CVE at risk: U.S. faces strategic cyber gap as governance model falters
The backbone of global vulnerability tracking nearly collapsed this year due to contract uncertainty – raising alarms across industry, government and international partners. At the center of the crisis is CVE, the Common Vulnerabilities and Exposures program, a universal identifier system that’s quietly underpinned software security for more than two decades. But as Nick Leiserson warns, its continued survival may depend on whether policymakers can move from crisis management to structural reform.
Former Assistant National Cyber Director Leiserson, who is now SVP for policy at the Institute for Security and Technology, told Frank Cilluffo on the Cyber Focus podcast that the CVE system has rarely received external review in 26 years. He said that “cracks are beginning to show” and a recent near-shutdown “caused a huge tectonic shift in the community.” According to Leiserson, the CVE Advisory Board received a letter from MITRE, the nonprofit that manages the program, earlier this year stating that unless federal contract issues were resolved within 24 hours the program would be paused. The funding gap was ultimately closed – but the scare revealed just how fragile the governance and resourcing structure has become.
Leiserson noted that the United States has effectively bankrolled CVE’s global utility since its inception. “Uncle Sam has been paying for 26 years for the globe to have this benefit,” he said, adding that while the U.S. also gains from it, the imbalance is unsustainable. Without greater financial participation from other governments and industry partners, he warned, the world’s most widely used vulnerability tracking system remains one funding lapse away from failure.
That funding gap doesn’t just create strain – it opens the door to fragmentation. Leiserson pointed to a recent close call in Europe, where officials nearly created a separate vulnerability system that could have split off from the global CVE standard. “Governments are the greatest risk of fragmentation,” he said. In that case, the EU was persuaded to keep their new system indexed to CVEs – but Leiserson isn’t sure that decision would hold today.

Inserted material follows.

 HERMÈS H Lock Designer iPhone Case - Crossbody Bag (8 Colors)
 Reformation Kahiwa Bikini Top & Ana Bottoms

He also warned of the risks if governments try to take over the process entirely, sidelining the experts who’ve run CVE for decades. That kind of top-down fix, what he called a “10,000-meter screwdriver,” could break more than it solves. A better approach, he argued, is bringing both government and industry into the fold – formally and transparently – so the system stays strong and unified.
The warning comes amid broader concerns about U.S. cyber policy implementation. The F5 breach – a compromise of a critical internet infrastructure vendor used by 80% of the Fortune 500 – raised red flags reminiscent of the SolarWinds breach. Yet the federal directives meant to prevent such attacks remain unfulfilled. “We’re failing at the last mile,” Leiserson said, adding, “We need sustained attention from senior leadership to say ‘no, you actually have to do this.’”
Whether through updated governance, broader financial participation or clearer accountability structures, the future of CVE now rests on the decisions of policymakers and stakeholders across sectors. The system’s long-term resilience may hinge not on any single fix, but on the willingness to coordinate before another disruption puts global vulnerability management at risk.